** Source data follows **
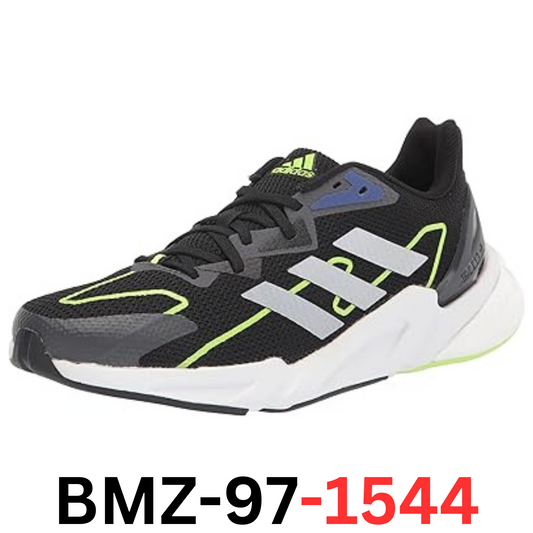 adidas Men's X9000l2 Running Shoes, US 11, Black/Matte Silver/Signal Green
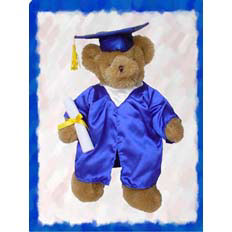 Graduation - Blue by TEDDY BEAR STUFFERS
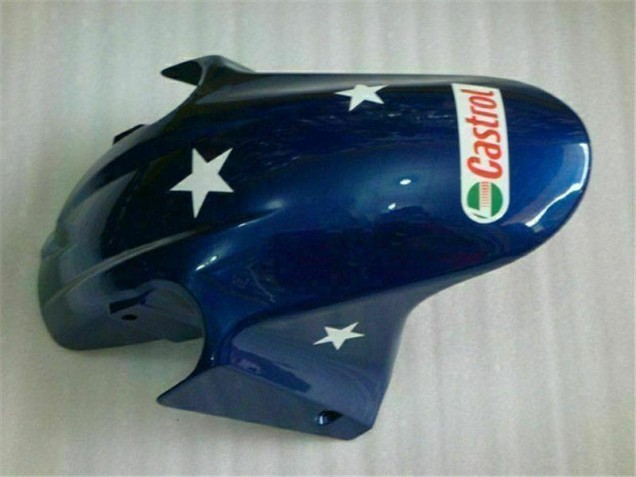 Bleu Rouge Castrol Cycle World 04-07 CBR600 F4i Carénage Moto Bleu Rouge Castrol Cycle World 04-07 CBR600 F4i Carénage Moto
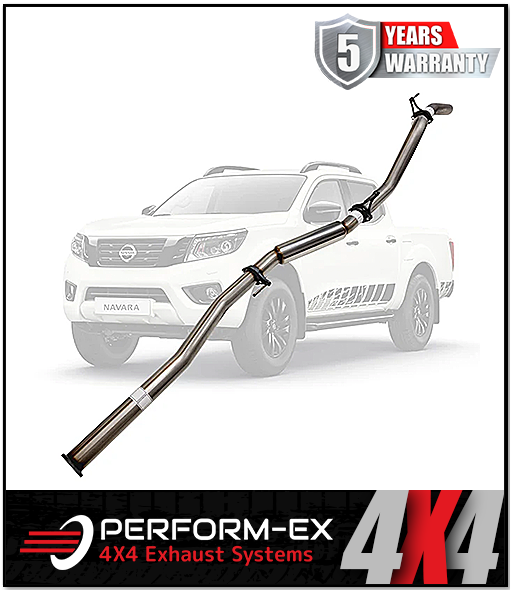 PERFORM-EX 3" STAINLESS STEEL DPF BACK EXHAUST SYSTEM FITS NISSAN NAVARA D23 NP300 2.3L TD 4CYL 2015-ON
** End of Source data **
Setting the pictures aside, return exactly the lines from the line with "Graduation - Blue by TEDDY BEAR STUFFERS" through the last line of the listing above.

▶ _Problem solution_
 Graduation - Blue by TEDDY BEAR STUFFERS
 Bleu Rouge Castrol Cycle World 04-07 CBR600 F4i Carénage Moto Bleu Rouge Castrol Cycle World 04-07 CBR600 F4i Carénage Moto
 PERFORM-EX 3" STAINLESS STEEL DPF BACK EXHAUST SYSTEM FITS NISSAN NAVARA D23 NP300 2.3L TD 4CYL 2015-ON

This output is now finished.